(WHAT YOU ARE ASKED TO DO):
Give the data again word for word; drop the pictures.
***** SUPPLIED ENTRIES
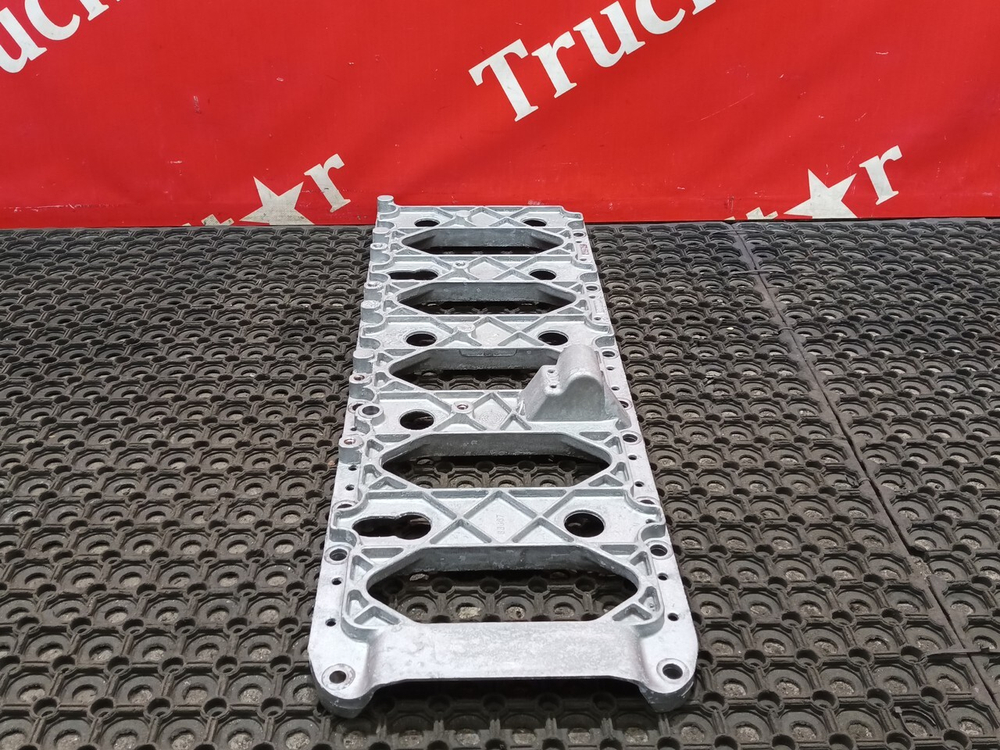 Плита двигателя 2020г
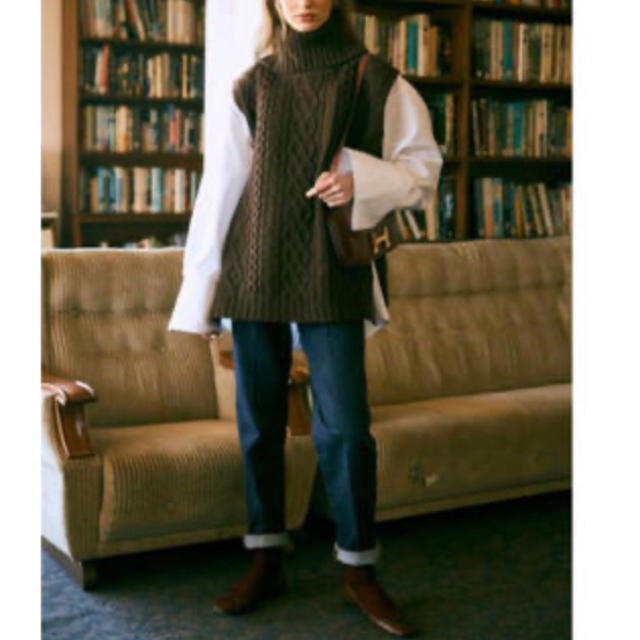 Shinzone(シンゾーン)の新品　Shinzone  Cable knit vest ケーブルニットベスト レディースのトップス(ベスト/ジレ)の商品写真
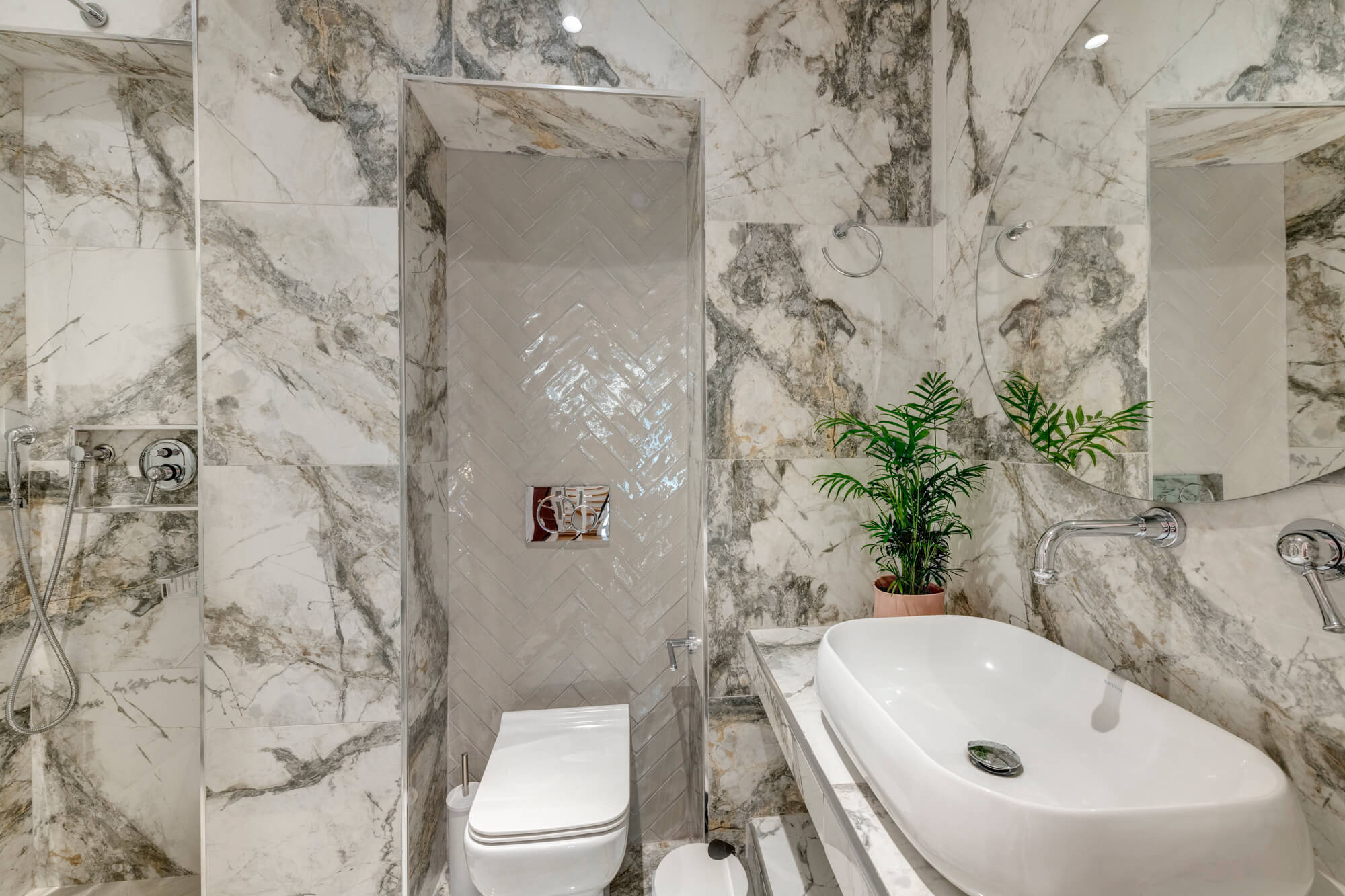 Rosa suite bathroom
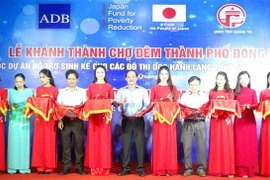 Các đại biểu cắt băng khánh thành chợ đêm thành phố Đông Hà. (Ảnh: Trịnh Bang Nhiệm/TTXVN)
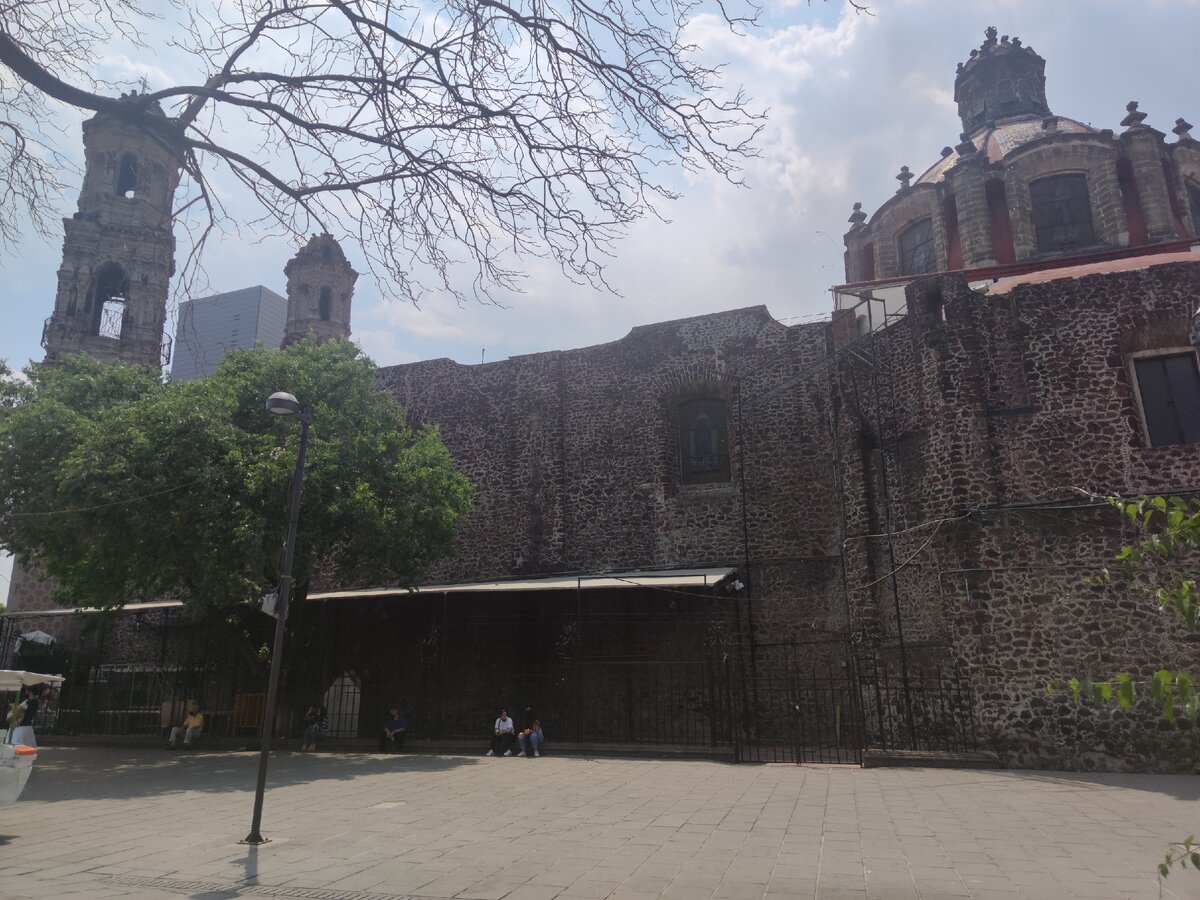 Церковь Санта Веракруз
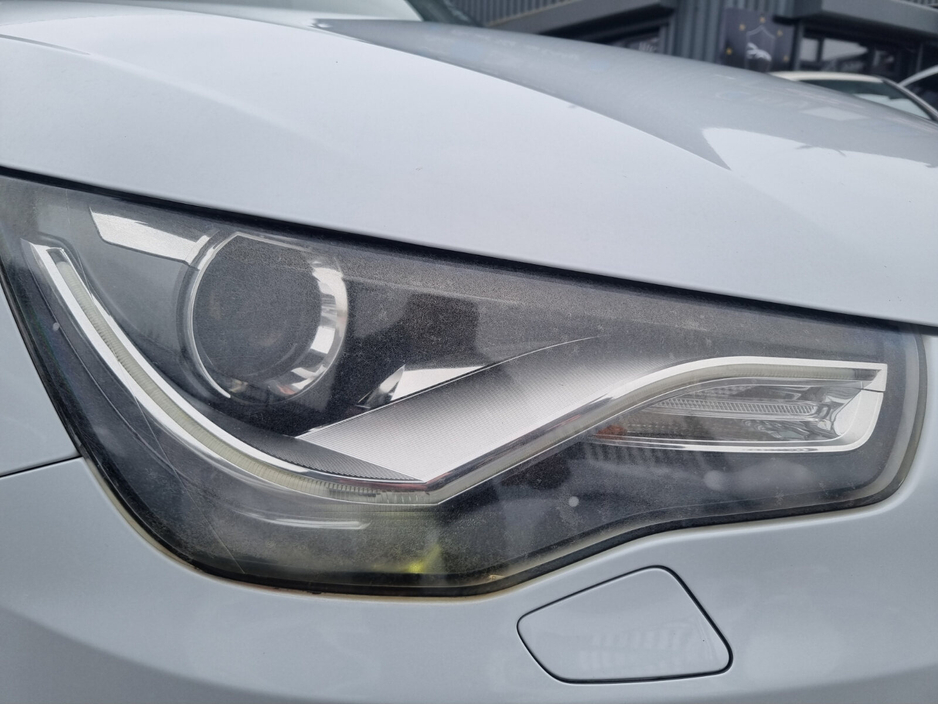 2013 Audi A1 - image 12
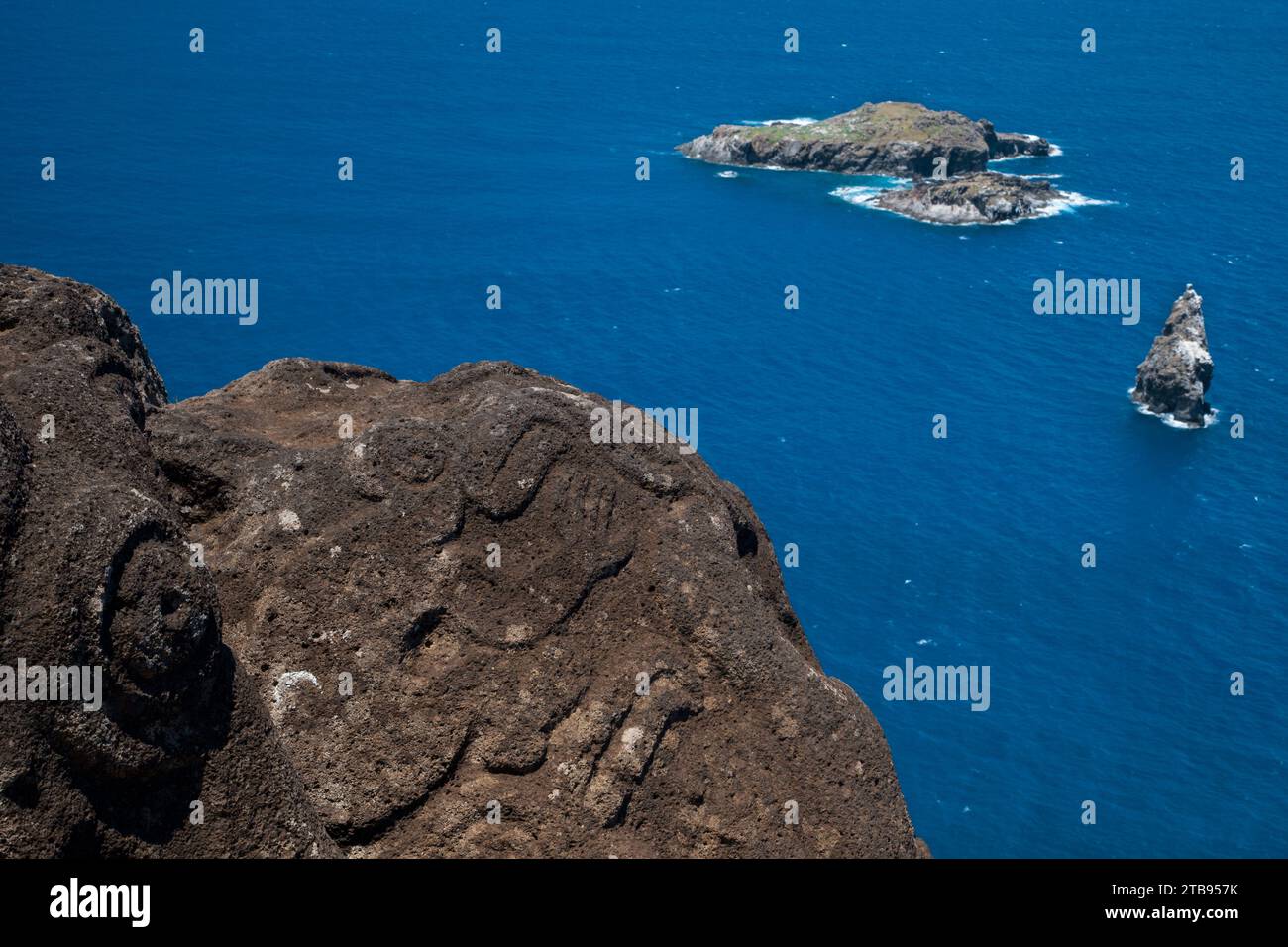 Les roches d'Orongo sont sculptées avec des centaines de pétroglyphes d'oiseaux. ; Orongo, Rapa Nui, île de Pâques, Chili Banque D'Images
**********
(WRITTEN RESPONSE):
 Плита двигателя 2020г
 Shinzone(シンゾーン)の新品　Shinzone  Cable knit vest ケーブルニットベスト レディースのトップス(ベスト/ジレ)の商品写真
 Rosa suite bathroom
 Các đại biểu cắt băng khánh thành chợ đêm thành phố Đông Hà. (Ảnh: Trịnh Bang Nhiệm/TTXVN)
 Церковь Санта Веракруз
 2013 Audi A1 - image 12
 Les roches d'Orongo sont sculptées avec des centaines de pétroglyphes d'oiseaux. ; Orongo, Rapa Nui, île de Pâques, Chili Banque D'Images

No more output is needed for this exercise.